Despite the low number of detections in the ISM, the CH₃NH₂ chemistry under astrophysical conditions has been studied in theoretical, experimental and chemical modelling work. In the gas-phase, CH₃NH₂ is proposed to form via the radiative association between ammonia (NH₃) and the methyl radical cation (CH ${}_{3}^{+}$ ) followed by recombination dissociation (Herbst, 1985). On the grain surfaces, experimental work demonstrated that CH₃NH₂ can form via sequential hydrogenation of hydrogen cyanide (HCN): HCN $\rightarrow$ CH₂NH $\rightarrow$ CH₃NH₂ (Theule et al., 2011). Alternatively, gas-grain chemical model by Garrod et al. (2008) has suggested that CH₃NH₂ is formed by simple addition of CH₃ from CH₄ to azanyl radical (NH₂) from NH₃ during warm-up phases. This radical-radical recombination has recently been studied in laboratory ice simulations revealing that CH₃NH₂ can be synthesised in irradiated ices composed of CH₄ and NH₃ (Kim & Kaiser, 2011; Förstel et al., 2017) but also in cold and quiescent molecular clouds (Ioppolo et al., 2021). On the contrary, little is known about the chemistry of C₂H₃NH₂ and C₂H₅NH₂.

C₂H₅NH₂: Although there are no chemical routes included in current astrochemical databases, different formation mechanisms of C₂H₅NH₂ have been discussed in the literature. For instance, the addition of the CH₃ radical to CH₂NH followed by hydrogenation of the resulting product would produce C₂H₅NH₂ on grain surfaces (Bernstein et al., 1995); the photochemistry of a mixture of ethylene (C₂H₄) and NH₃ in which C₂H₅NH₂ is formed from radical-radical reaction of the ethyl radical (C₂H₅) with NH₂ (Danger et al., 2011, and references therein). Reactions of CH₃NH₂ with carbene (CH₂) or ethane (C₂H₆) with nitrene (NH) are also expected to form C₂H₅NH₂, but with lower probability (Förstel et al., 2017). More recently, experimental simulation of interstellar ice analogs containing CH₃NH₂ revealed that C₂H₅NH₂ can be formed efficiently from CH₃ and methanamine radical (CH₂NH₂) (Carrascosa et al., 2021).

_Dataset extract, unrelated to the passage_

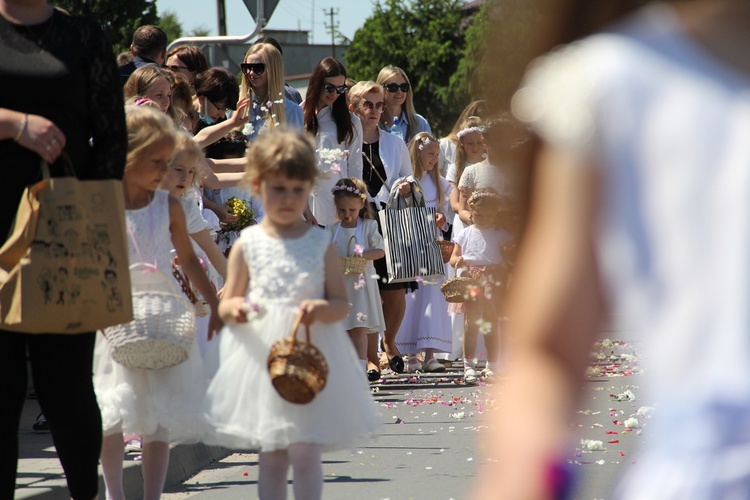 Boże Ciało 2021 - parafia pw. NMP Różańcowej w Kiełczowie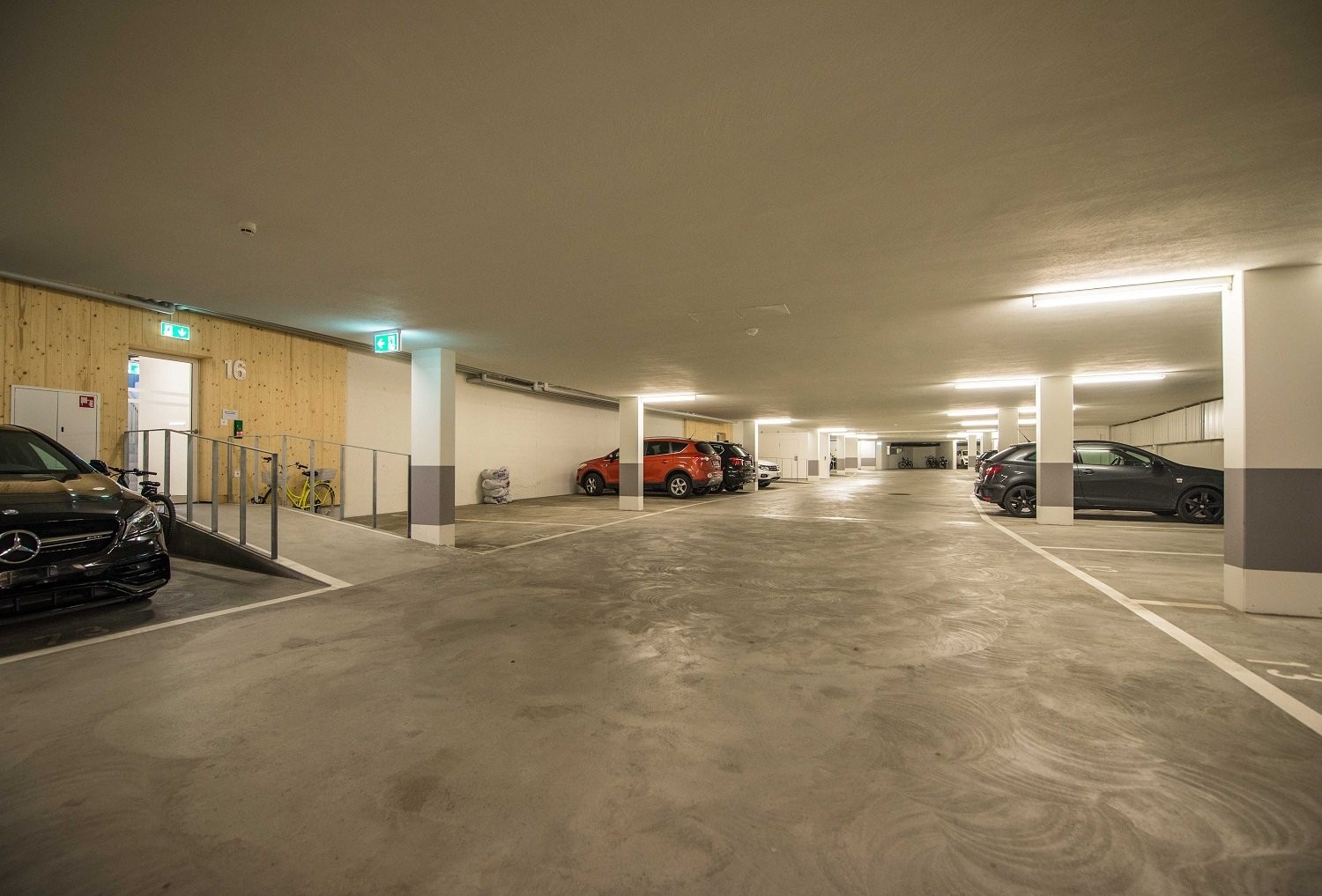 Posto auto coperto per moto, foto 1 di 2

In addition to the aforementioned formation pathways, one might also expect C₂H₅NH₂ to be formed through the same mechanism as suggested for CH₃NH₂: successive hydrogenation starting from acetonitrile (CH₃CN): CH₃CN $\rightarrow$ CH₃CHNH $\rightarrow$ C₂H₅NH₂. However, CH₃CN has been proposed to be a product of the surface chemistry of CH₃NH₂ (Carrascosa et al., 2021). Furthermore, laboratory work showed that CH₃CN does not react with H atoms between 10 and 60 K (Nguyen et al., 2019). Considering the temperature of dust grains in G+0.693 is T ${}_{\rm dust}\leq$ 30 K (Zeng et al., 2018, and reference therein), this proposed hydrogenation leading to C₂H₅NH₂ is unlikely to occur on dust grains in G+0.693. Based on the reaction rate coefficients provided in Sil et al. (2018), C₂H₅NH₂ is less likely produced in the same hydrogenation reaction in the gas phase due to its low efficiency at typical kinetic temperature in Galactic Centre clouds, T_kin = 50 $-$ 120 K (Zeng et al., 2018, and reference therein). To our best knowledge, with no other possible gas phase reaction to form C₂H₅NH₂, this species likely forms on the surface of dust grains in G+0.693. Regardless the chemical formation route on grains, the sputtering of grain icy mantles by large-scale low-velocity ( $\leq$ 20 km s^-1) shocks in G+0.693 would release C₂H₅NH₂ into gas phase from grains (see e.g. Requena-Torres et al., 2008; Martín et al., 2008; Zeng et al., 2020).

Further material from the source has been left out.